[Windows] Ungraceful shutdown of node corrupts the database
Describe the bug Running the node on Windows and closing by clicking on "X" in the top right corner of the windows app has a high probability of corrupting the database.
To Reproduce
- Download the Window grin-node release
- Remove the .grin folder if you have it
- Open grin node and let it start sync
- Close it after 20 seconds or so by clicking 'X'
It doesn't always corrupt the data, but every 3rd try it usually ends in a bad state from which it can't recover.
Relevant Information Logs when trying to run the node after a corruption occured.
20210109 18:59:05.601 INFO grin_util::logger - log4rs is initialized, file level: Info, stdout level: Warn, min. level: Info
20210109 18:59:05.603 INFO grin - Using configuration file at C:\Users\phyro\.grin\main\grin-server.toml
20210109 18:59:05.603 INFO grin - This is Grin version 5.0.1 (git v5.0.1), built for x86_64-pc-windows-msvc by rustc 1.48.0 (7eac88abb 2020-11-16).
20210109 18:59:05.603 INFO grin - Chain: Mainnet
20210109 18:59:05.603 INFO grin - Accept Fee Base: 500000
20210109 18:59:05.603 INFO grin - Future Time Limit: 300
20210109 18:59:05.603 INFO grin - Feature: NRD kernel enabled: false
20210109 18:59:05.603 WARN grin::cmd::server - Starting GRIN in UI mode...
20210109 18:59:05.603 INFO grin_servers::grin::server - Starting server, genesis block: 40adad0aec27
20210109 18:59:05.779 ERROR grin_util::logger -
thread 'main' panicked at 'called `Result::unwrap()` on an `Err` value: Chain(Error { inner: NotFoundErr("BLOCK HEADER: 000007f722ca")
Store Error: NotFoundErr("BLOCK HEADER: 000007f722ca"), reason: DB Not Found Error: BLOCK HEADER: 000007f722ca })': src/bin\cmd\server.rs:58 0: <unknown>
1: <unknown>
2: <unknown>
3: <unknown>
4: <unknown>
5: <unknown>
6: <unknown>
7: <unknown>
8: <unknown>
9: <unknown>
10: <unknown>
11: <unknown>
12: <unknown>
13: <unknown>
14: <unknown>
15: <unknown>
16: <unknown>
17: <unknown>
18: BaseThreadInitThunk
19: RtlUserThreadStart
Screenshots /
Desktop (please complete the following information): I've noticed this on Windows.
Additional context
It works if you quit the "Grin way" by pressing 'q' and waiting for the cleanup prior to shutdown.
Here's probably some context around the problem.
https://stackoverflow.com/questions/26658707/windows-console-application-signal-for-closing-event
I believe the ctrlc package we use may not support the SIGBREAK signal. Perhaps using a different library to catch these signals and then reacting on it also in this case would solve the issue, but I didn't dive too deep.
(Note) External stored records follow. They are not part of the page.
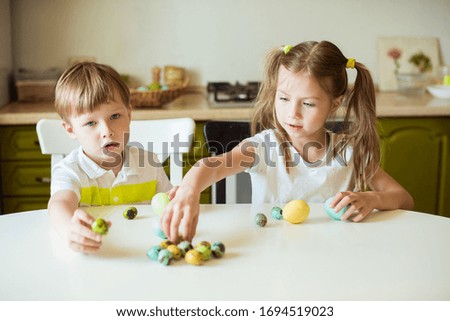 Easter holiday - cute cheerful children holding decorated eggs at home. Little girl and boy - having fun and celebrating feast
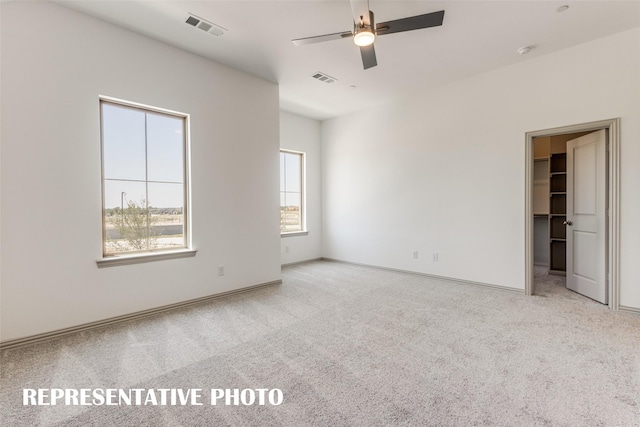 carpeted spare room featuring ceiling fan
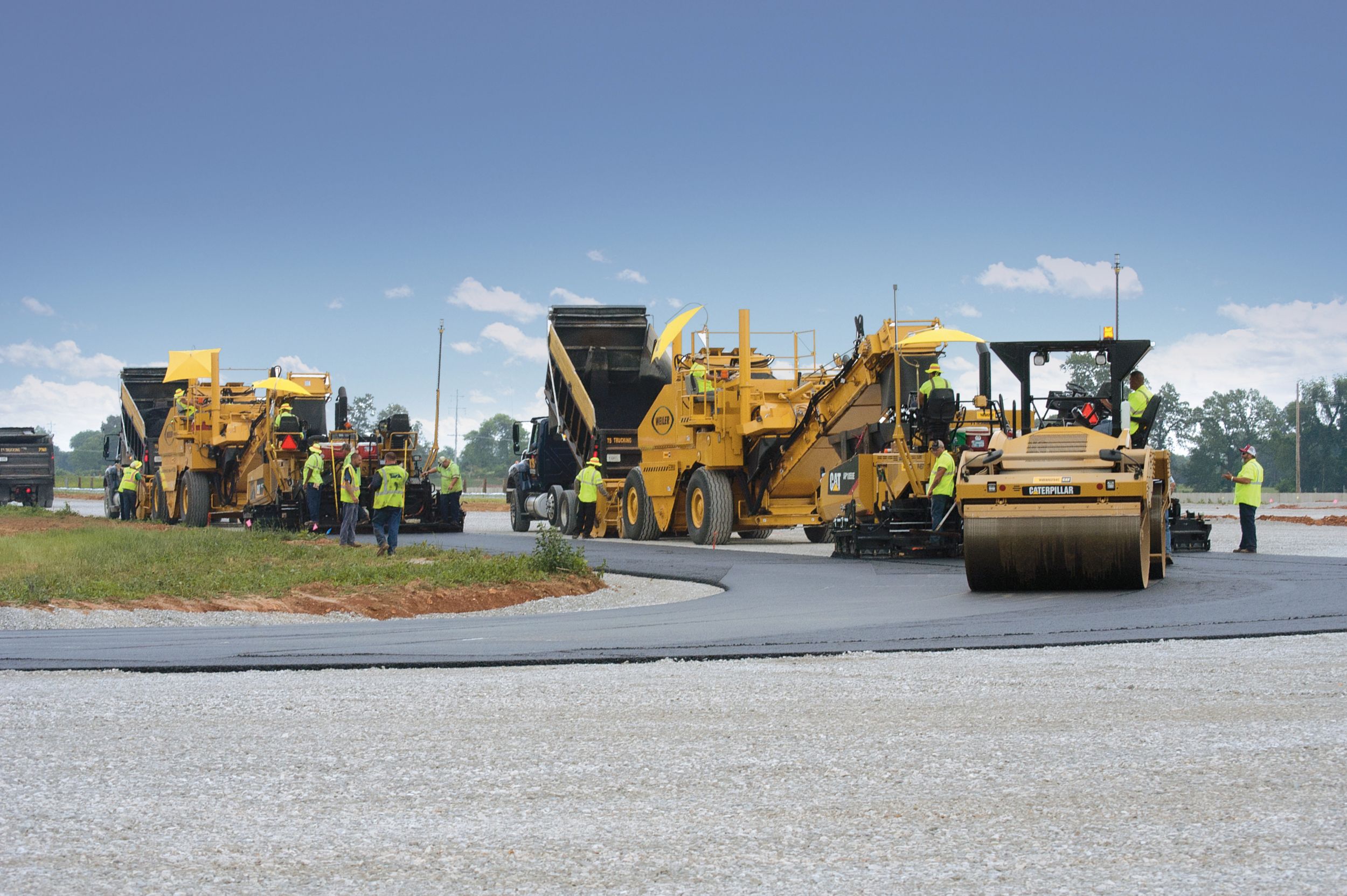 The paving train moved continuously to help achieve smoothness targets.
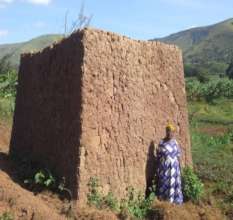 Veneranda in front of her kiln of bricks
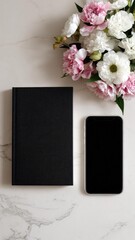 Obraz premium Black notebook and a smartphone lie beside a pink and white flower bouquet on a marble surface. Concept Notebook and smartphone, Pink and white bouquet, Marble surface, Desk still life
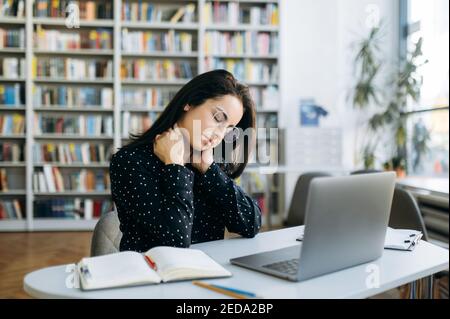 Una donna sesaurita manager, freelance o studentessa in eyeglase siedono al tavolo, utilizzando il laptop, sviluppare un progetto. Stanco caucasico lavoro eccessivo donna d'affari, avendo un teso e mal di schiena, hanno bisogno di un riposo Foto Stock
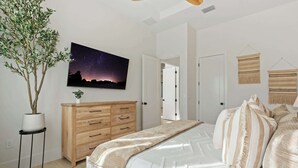 A bedroom with a bed, a night sky painting, a wooden dresser, and a potted plant. - Brand New Gulf Coast Luxury Getaway (Naples)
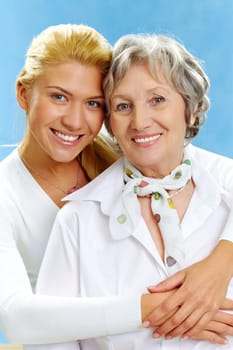 Portrait of attractive daughter hugging mother on a blue background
This could definitely use a CI test that exposes the problem; that might be a good place to start.
I think we may have actually tracked down the NotFoundErr("BLOCK HEADER: error when we were frantically implementing the "rewind bad block" logic for #3605.
Or at least one situation where it can surface. Its related to the "sync MMR" and I believe fixed here -
https://github.com/mimblewimble/grin/pull/3603/files#diff-29a4dbf8cadda7c8ed1b4e35a237dfebe170b3703d7af2c78c065ae65ab04100
tl;dr the sync MMR gets "out of sync" relative to the header MMR and ends up in a state where it continues to refer to a header that no longer exists.
I'm not sure this actually resolves the issue identified in this PR. Its also not technically data corruption as we can recover from it and its more a case of us just handling it badly on startup.
To be clear we definitely do still have situations where it is possible to legitimately corrupt the data on disk, but this missing header is (I believe) a less severe problem that can be handled more robustly during node startup (and I think we do that now with the fix linked above).
- Remove the .grin folder if you have it
- Open grin node and let it start sync
- Close it after 20 seconds or so by clicking 'X'
So yes this is happening during "header sync" so in this specific case we are not deleting a header for it go go missing, but we are shutting the node down during the period where it is writing the sync MMR files to disk, but has not yet committed the batch of headers to the db. So on next startup the sync MMR is out beyond the headers in the db and the "sync head" points to a non-existent header. We want to reset the sync MMR to an earlier state which I believe we now correctly do in this situation, we just need to get past the initial startup where it makes an assumption that the header exists.